As it can be seen, there are some important differences. The parts of the distributions corresponding to the MPI processes (peak at 0 for Sptprime, peak at Pi for Sphi in particular) are completely absent in the mixed sample. This means that the effect of the radiation in events occurred for MPI completely washes out the primary topology. The main consequences are:

  • the mixed sample, even if it contains MPI, tends to look like the sample with radiation included but MPI off;
  • in the mixed sample there is no hope to separate MPI processes from the ones arising from a single-chain diagram, by cutting on the described variables.

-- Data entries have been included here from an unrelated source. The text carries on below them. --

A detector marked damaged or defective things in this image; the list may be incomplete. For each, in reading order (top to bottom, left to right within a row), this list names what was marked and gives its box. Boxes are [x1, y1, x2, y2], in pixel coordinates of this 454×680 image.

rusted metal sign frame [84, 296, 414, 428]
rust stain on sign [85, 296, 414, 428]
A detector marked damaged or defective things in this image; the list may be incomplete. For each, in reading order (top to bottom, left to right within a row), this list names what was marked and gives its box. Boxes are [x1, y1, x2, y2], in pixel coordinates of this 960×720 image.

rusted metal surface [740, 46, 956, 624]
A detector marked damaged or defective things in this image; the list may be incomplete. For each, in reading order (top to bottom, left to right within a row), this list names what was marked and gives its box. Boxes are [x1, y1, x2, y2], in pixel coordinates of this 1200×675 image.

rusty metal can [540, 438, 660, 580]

What seemed at the beginning to be a good way to separate two different processes, it has shown that it's not applicable in the reality. I tried to go deeply inside this problem, applying further selections on the mixed sample: the main goal is to study if it's possible to isolate the MPI contribution inside it. For this purpose, a very tight selection was applied to the events: I required that two b-jets and two light jets are inside the central region and there are NO jets above 2.5 GeV in the region of |eta| < 6.6 (the measurable pseudorapidity region for CMS). In this way, it's probably possible to keep just the double-chain events without radiation and to remove the ones with an even small emission. Two samples have been generated with this selection: one with only initial radiation on and the other one only with final radiation on (in both MPI are included). Results for Sptprime are shown in the following plots, respectively left and right one:

The selected statistics is of course very low (respectively 11 and 2 events over 9 millions) but some observations can be done: it seems that the initial radiation completely randomizes the variable Sptprime while the applied cuts can be efficient in case of only final radiation. The problem for initial radiation needs to be understood. It could be two-fold:

  • the emitted particles don't create a jet (are they of too low pt?);
  • is the initial radiation really the problem?

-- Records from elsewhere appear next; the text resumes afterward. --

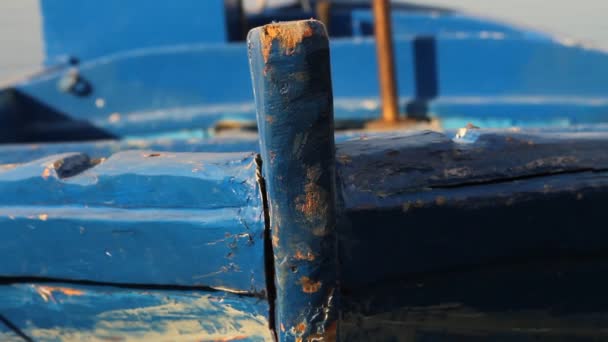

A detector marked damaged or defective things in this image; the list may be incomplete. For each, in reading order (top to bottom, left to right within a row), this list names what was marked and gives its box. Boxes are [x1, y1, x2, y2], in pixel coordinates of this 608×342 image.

chipped paint [258, 20, 314, 63]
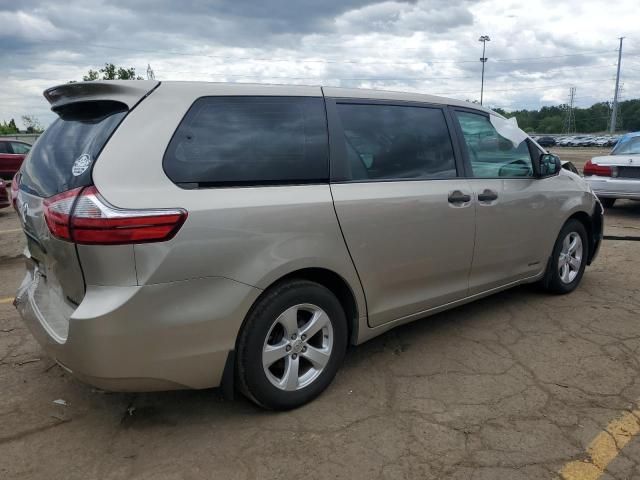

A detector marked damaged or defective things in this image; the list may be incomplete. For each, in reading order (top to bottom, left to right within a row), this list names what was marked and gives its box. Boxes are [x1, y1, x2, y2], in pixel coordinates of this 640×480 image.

cracked asphalt pavement [1, 172, 640, 476]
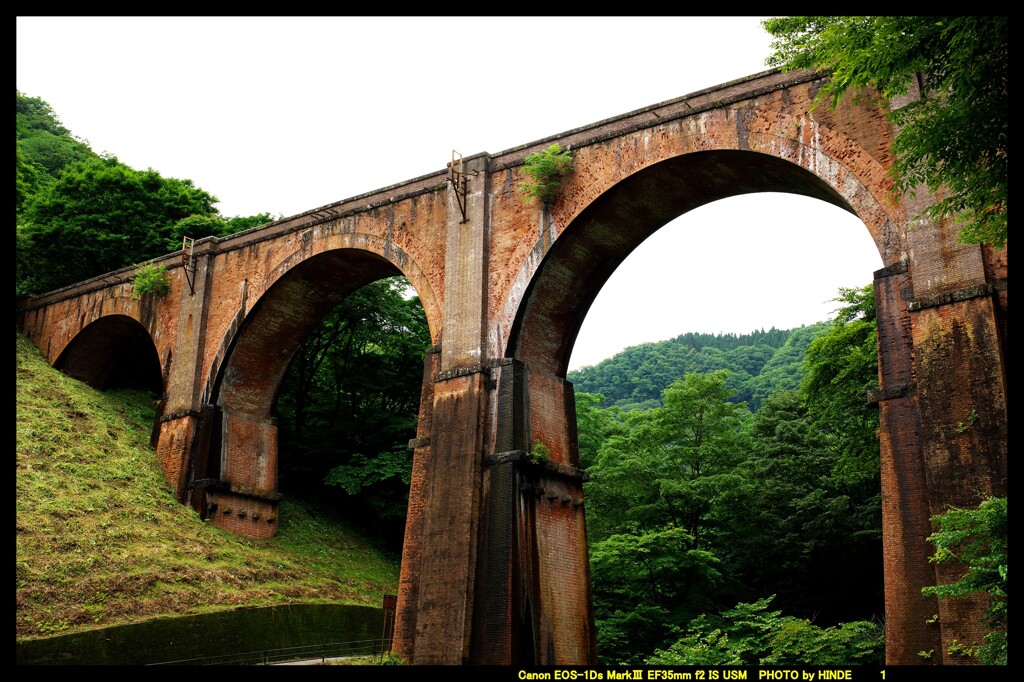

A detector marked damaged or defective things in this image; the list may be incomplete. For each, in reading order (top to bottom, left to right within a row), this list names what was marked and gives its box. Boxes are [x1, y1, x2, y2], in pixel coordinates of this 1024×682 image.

rusty metal bracket [450, 149, 478, 223]
rusty metal bracket [181, 235, 197, 294]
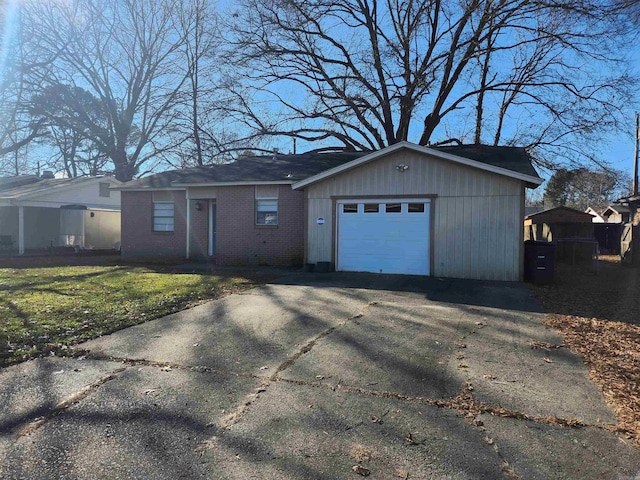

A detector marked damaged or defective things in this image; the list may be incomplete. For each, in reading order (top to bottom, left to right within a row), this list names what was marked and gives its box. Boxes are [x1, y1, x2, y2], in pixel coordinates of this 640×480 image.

cracked driveway [1, 272, 640, 478]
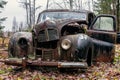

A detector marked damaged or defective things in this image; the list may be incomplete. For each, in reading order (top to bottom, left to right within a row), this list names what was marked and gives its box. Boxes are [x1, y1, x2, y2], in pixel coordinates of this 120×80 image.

abandoned rusty car [0, 9, 119, 69]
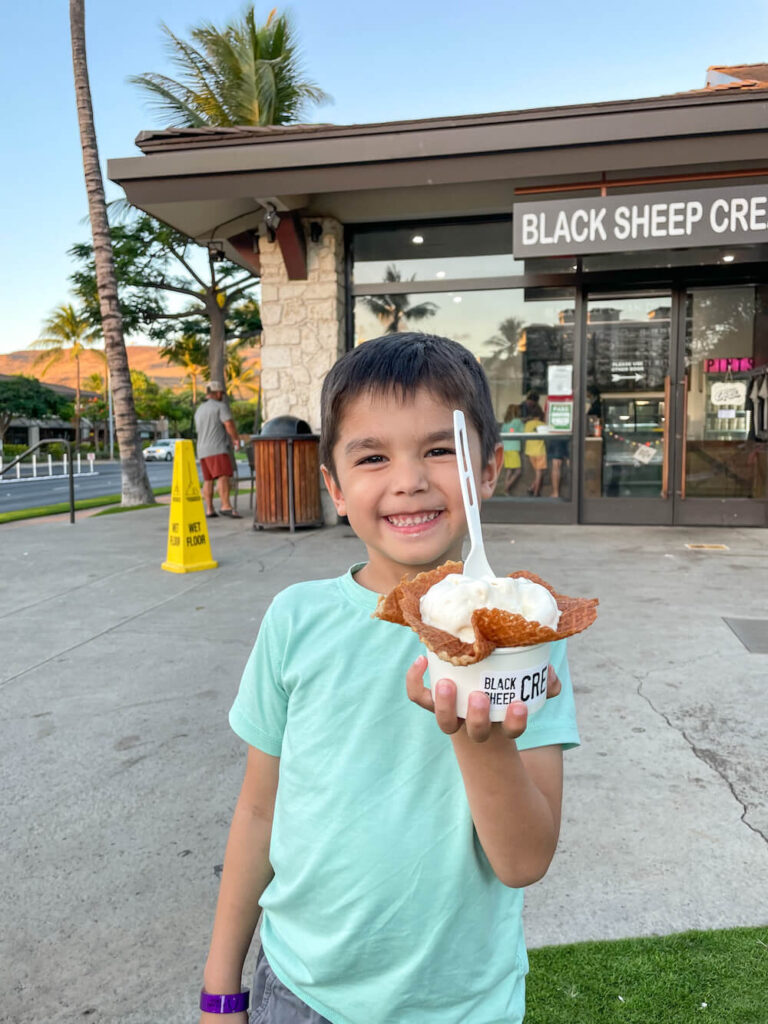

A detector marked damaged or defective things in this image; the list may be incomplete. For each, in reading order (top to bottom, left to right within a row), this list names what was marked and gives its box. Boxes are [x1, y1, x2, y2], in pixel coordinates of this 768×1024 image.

pavement crack [618, 655, 768, 847]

The fact is that we were expecting to observe again the peak at 0 and the SPS distribution in the "mixed" sample but it doesn't seem to be the case!!It's quite reasonable because also MPI events are affected by parton shower and so they can't be pure MPIs as before. But still, if we compare the samples before and after switching on the parton shower we see some differences that can be assigned to the contribution of MPI. However, the contribution of MPI is still there and it's not washed out but it's not separated as much as without parton shower. The last check will be the generation of a sample without MPI and a "enriched MPI" sample to check the difference between them and look at the realistic distributions for MPIs. We will use PYTHIA8 because it has a better treatment of the MPIs.

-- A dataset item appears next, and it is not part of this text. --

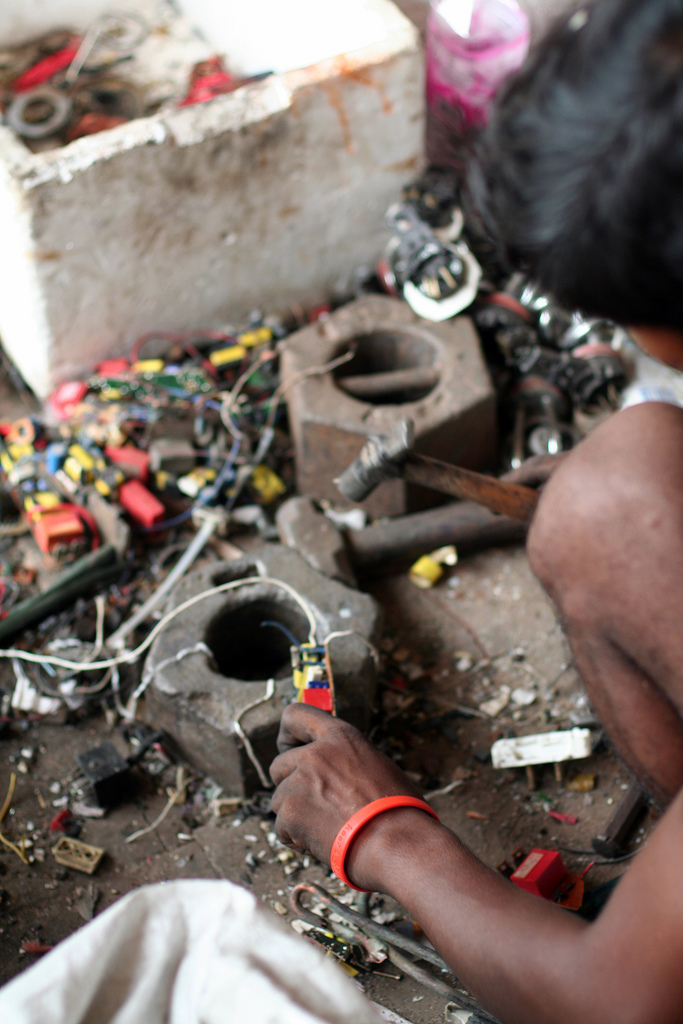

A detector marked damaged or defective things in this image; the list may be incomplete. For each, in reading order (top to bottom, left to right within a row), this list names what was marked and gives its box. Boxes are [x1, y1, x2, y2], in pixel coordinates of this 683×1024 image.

rusty metal tool [335, 415, 540, 520]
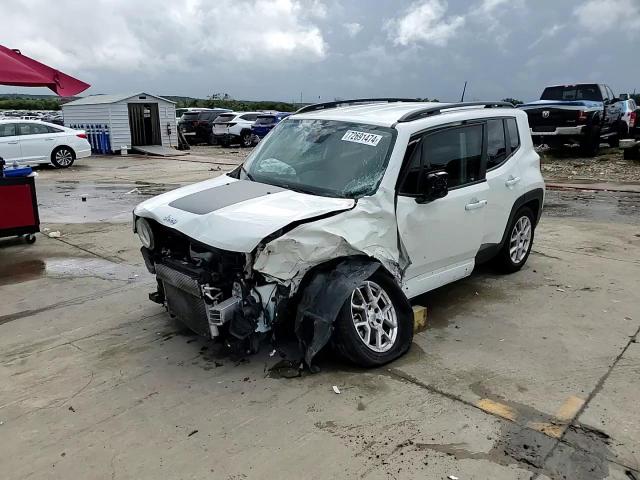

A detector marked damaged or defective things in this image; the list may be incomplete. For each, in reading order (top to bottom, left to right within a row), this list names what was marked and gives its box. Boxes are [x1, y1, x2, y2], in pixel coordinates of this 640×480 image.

This is quite crucial to understand, because then we can modify the event selection in order to isolate the MPI contribution. I tried to go higher in the centre-of-mass energy because maybe it could happen that the radiation for the hard scattering removes lots of available energy for a secondary interaction, not allowing to create jets over threshold. The idea of going up in energy is to test if the problem of not seeing any effect of MPI events, is just due to the high threshold. Some samples with radiation and MPI on were generated at 14, 28 and 56 TeV. The plot for the variable Sptprime is shown but in any of them there is no evidence of MPI events (no expected peak at 0). The problem does not seem to be due to the loss of energy for the secondary scattering.

Another final observation about the Sptprime observable is related to the fact that the heavy-quark production in Pythia6 (MSUB=81,82) does not include higher-order diagrams: indeed, we know that the b-jet production is mainly due to gluon splitting diagrams. I tried then to include them by setting a more general MinBias production. In these settings, it's much less probable to have an event that passes the selection but the gluon splitting is included and it's possible to look at the effect on Sptprime of these processes.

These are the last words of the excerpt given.